The comparative concepts are 8 ideas that are particularly significant to authentic critical thinking, and will provide students with a cognitive framework to understand and express ideas, and create an effective final product.
Understanding and using these concepts will help to clarify the way knowledge is produced and used across the curriculum, and facilitate a comparison of the nature of knowledge in different subject areas.
The key concepts
The key concepts are ideas of particular significance to us as authentic critical thinkers. As much as possible, we try to build our newsletter stories and mini-lessons around them.
Use the key concepts to scaffold your thoughts and ideas, explore opinions, and ask questions about knowledge across different subject areas, as we’ve done below.

In which subject area are we able to make the most certain claims about knowledge and understanding? Why does this variance exist? Does language allow us to be more certain about knowledge? Can certainty bring disadvantages in terms of our understanding of the world?

How does the nature of the subject areas differ in different cultures?
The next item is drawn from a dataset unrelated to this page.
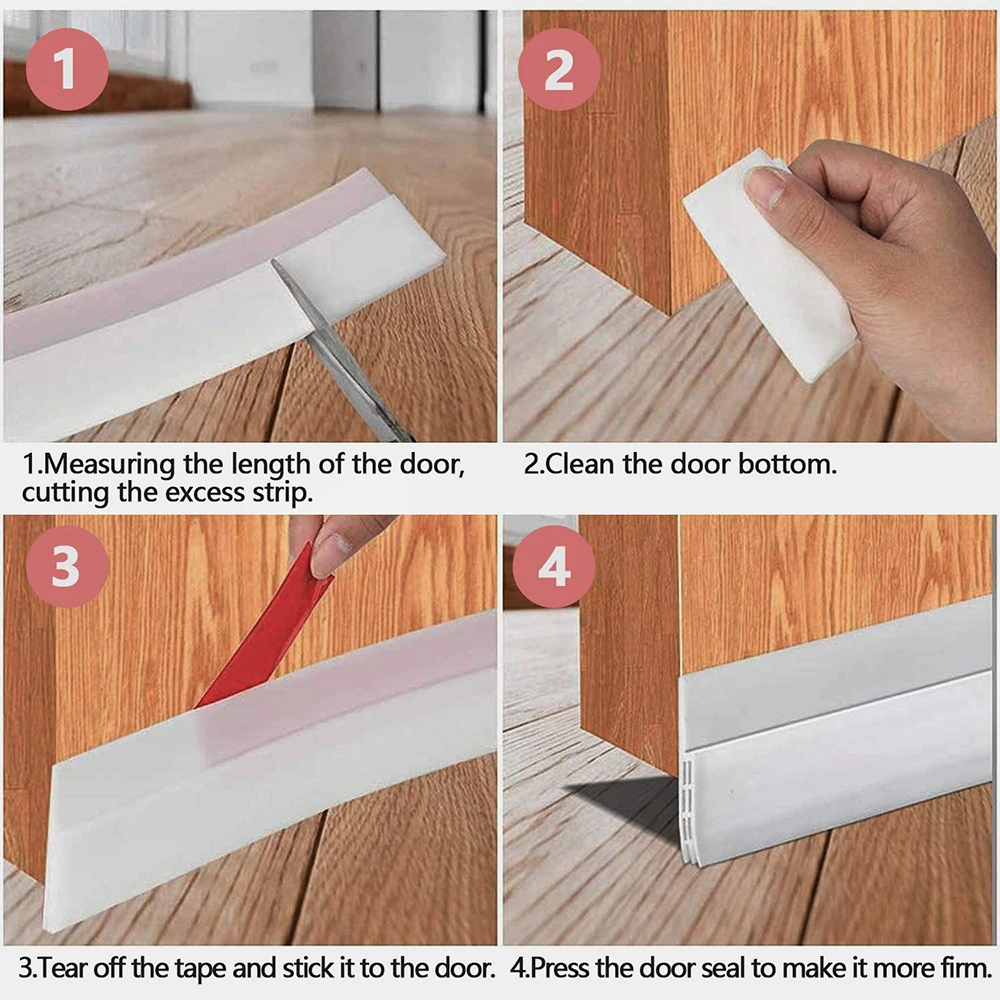 

2 Pack Weatherstrip Door House Bottom Seal Self Adhesive Under Door Sweep Windproof Dustproof Silicone Flexible Seal Strip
Do mathematics and science transcend cultural differences? Do the arts deal with culturally universal concepts? Does the way we understand the world depend on the language we speak?
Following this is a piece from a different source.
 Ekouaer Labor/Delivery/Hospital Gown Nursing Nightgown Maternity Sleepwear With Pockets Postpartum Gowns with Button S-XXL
Which subjects are most and least affected by perspective? How do our religious and political perspectives shape our worldview? Do our perspectives determine our language use? What forms our perspectives, and should we seek to escape them?
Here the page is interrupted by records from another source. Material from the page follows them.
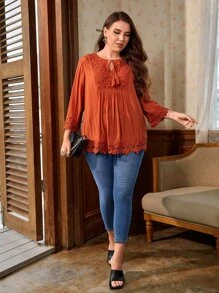 SHEIN VCAY 大碼繫帶領鏤空蕾絲花邊襯衫 - 薑色 - 查看 5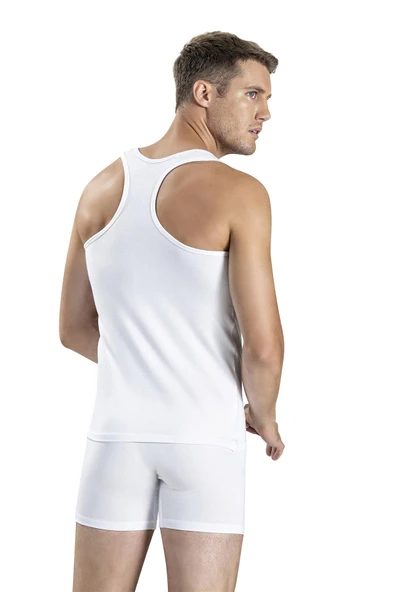 Jiber Erkek Pamuklu Likralı Rambo Atlet 136 - 9 Adet  XL Siyah - Resim 2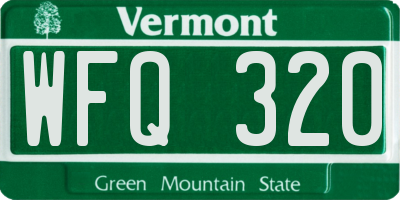 VT license plate WFQ320
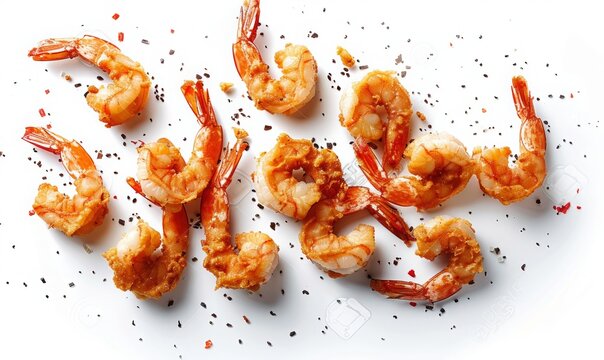 fried shrimps floating in the air, isolated on white background.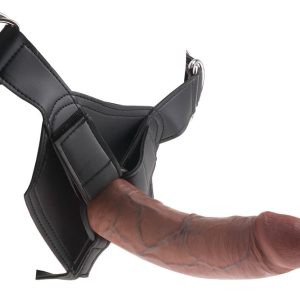 King Cock Strap-On 8Zoll - Verstellbarer Harness mit herausnehmbarem Dildo Hautfarben dunkel/Schwarz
How does power affect the way knowledge is produced within the subject areas? In what ways can language be used to consolidate power as ideas are communicated? How does political and religious power influence the way we understand the world?
Key thinkers who have inspired ACT
Our approach to critical thinking has been informed by many key thinkers, among them John Stuart Mill, Julia Galef, Alex Edmans, and Sir Ken Robinson. Each has shaped the way we think about what authentic critical thinking means, and what it looks like in practice.
John Stuart Mill’s observation that “he who knows only his own side of the case, knows little of that” is the founding principle of ACT. Julia Galef’s distinction between scout and soldier mentalities develops this further, and her insight that scouts are people whose self-worth is not tied to being right is, for us, one of the most important ideas in education.
Alex Edmans (see video) reminds us that critical thinking is not an elite skill reserved for specialists. “We often have the discerning skills already within ourselves,” he argues. “We just need to overcome our biases and deploy them.” Sir Ken Robinson’s insistence that education must be personalised rather than standardised underpins our entire approach to ACT as a framework for developing genuinely independent minds.
All of these thinkers feature directly in our full-length courses and mini-lessons. We believe that if an idea is not engaging enough to share with students, it should not be driving our pedagogy.